▶ [INPUT]
- Opening Delimiter -

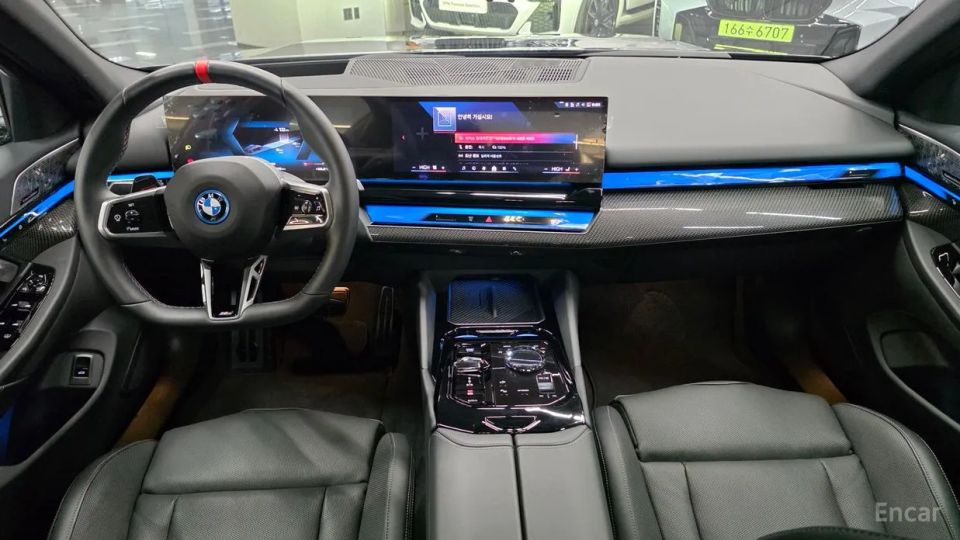 BMW i5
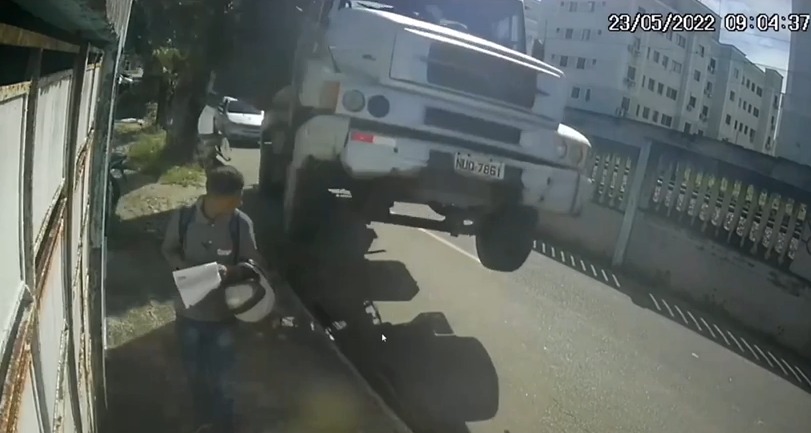 Vídeo: homem escapa de ser esmagado por caminhão no Ceará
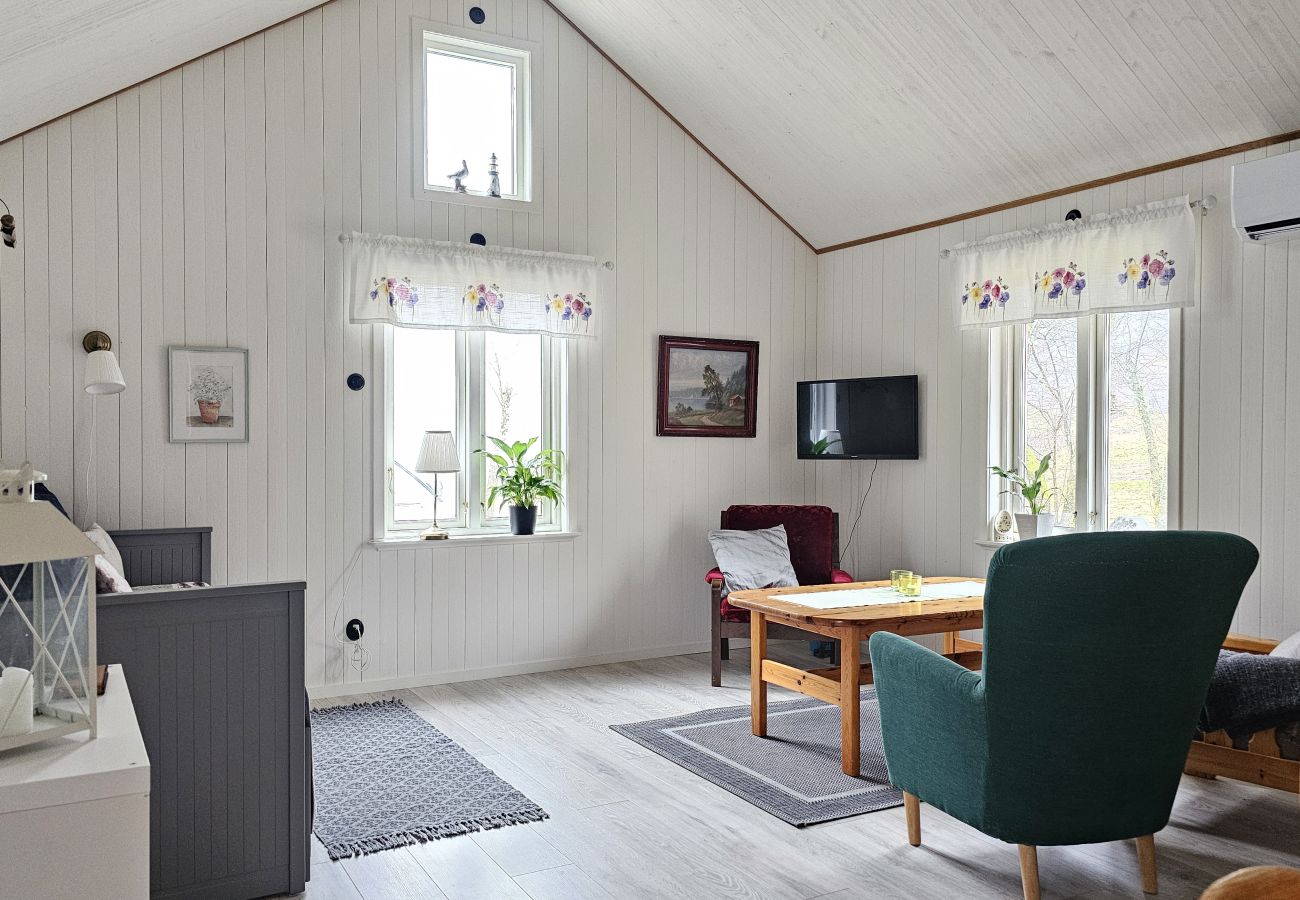 Stuga i Fagerfjäll - Lantlig stuga nära hav | SE09187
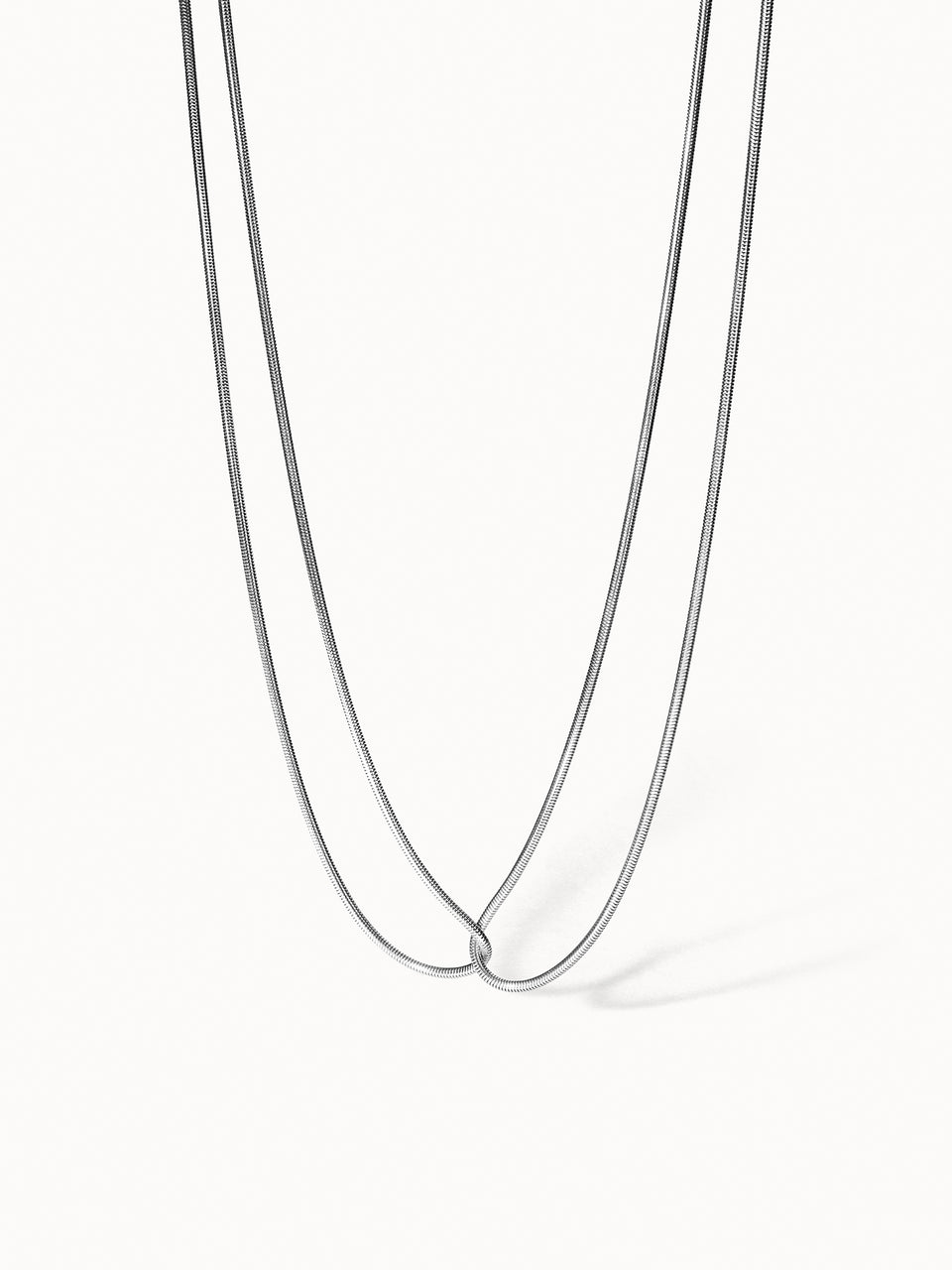 Kindness Kette von PURELEI, filigrane silberne Halskette mit feinem Verschluss, clean & elegant, nickelfrei.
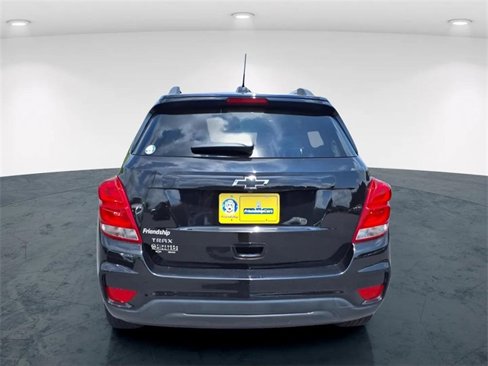Used 2022 Chevrolet Trax LT w/ Midnight Edition image 22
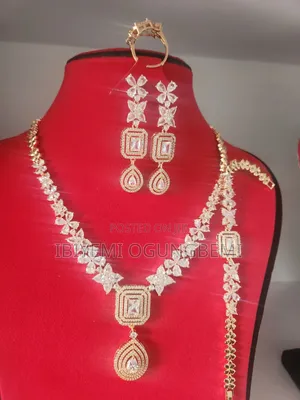 Luxury Jewellery That Pops Up Your Look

- Closing Delimiter -

▶ [EXERCISE] Reproduce the whole listing above word for word, but not its pictures.

▶ [TASK SOLUTION]
 BMW i5
 Vídeo: homem escapa de ser esmagado por caminhão no Ceará
 Stuga i Fagerfjäll - Lantlig stuga nära hav | SE09187
 Kindness Kette von PURELEI, filigrane silberne Halskette mit feinem Verschluss, clean & elegant, nickelfrei.
Used 2022 Chevrolet Trax LT w/ Midnight Edition image 22
 Luxury Jewellery That Pops Up Your Look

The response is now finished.